==== Data section ====

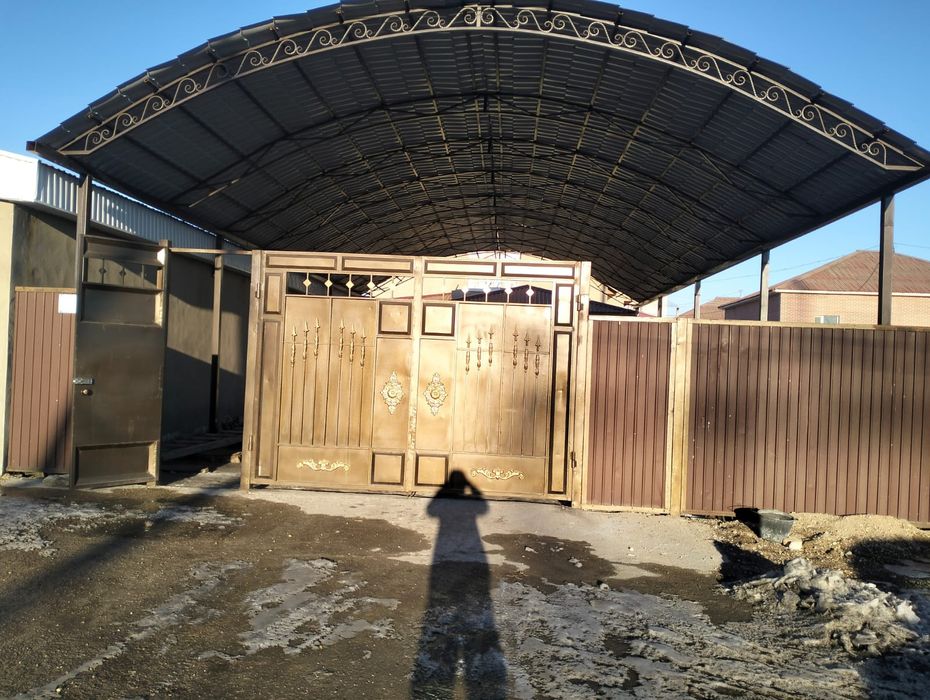 Принимаем заказы на навес Zheznaves inst.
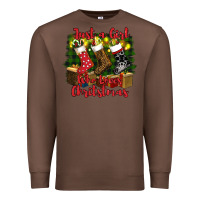 Chestnut just a girl who loves christmas Premium Sweatshirt - RanaPortraitStore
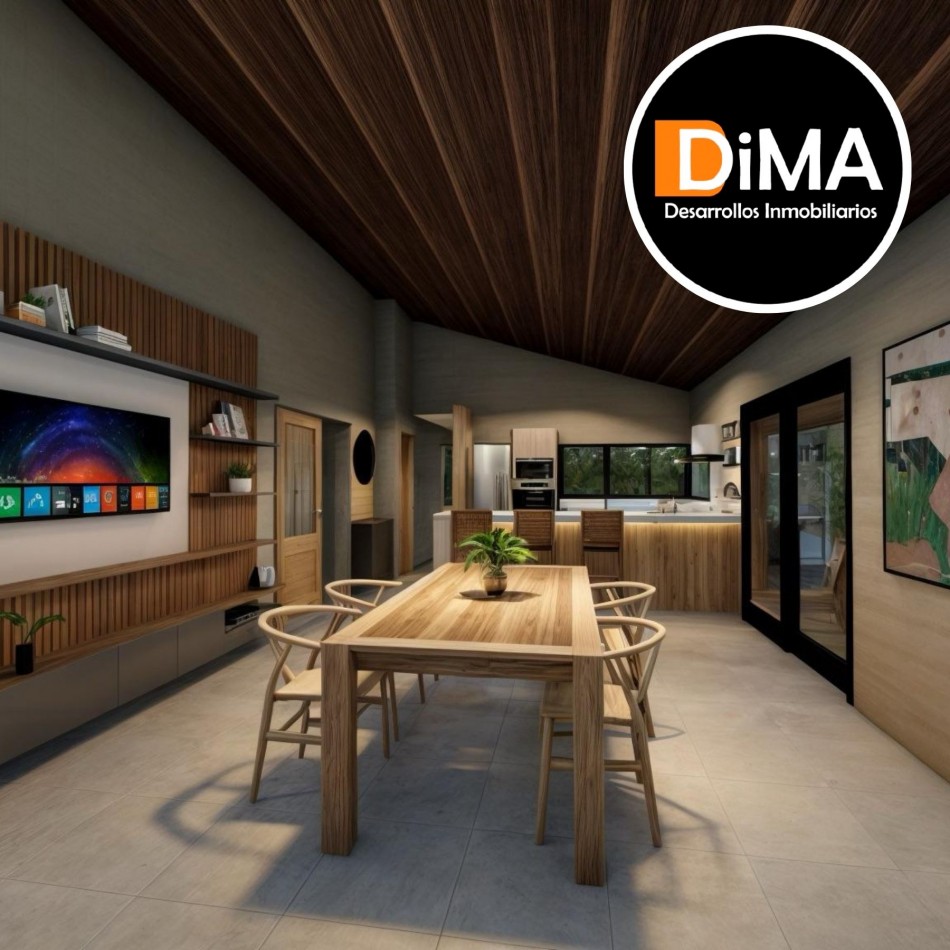 VENTA - CASA 3 AMBIENTES EN BOSQUECILLO - VILLA GENERAL BELGRANO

====

» Task brief:
The data above should be set down again exactly, with the pictures omitted.

» Exercise result:
 Принимаем заказы на навес Zheznaves inst.
 Chestnut just a girl who loves christmas Premium Sweatshirt - RanaPortraitStore
 VENTA - CASA 3 AMBIENTES EN BOSQUECILLO - VILLA GENERAL BELGRANO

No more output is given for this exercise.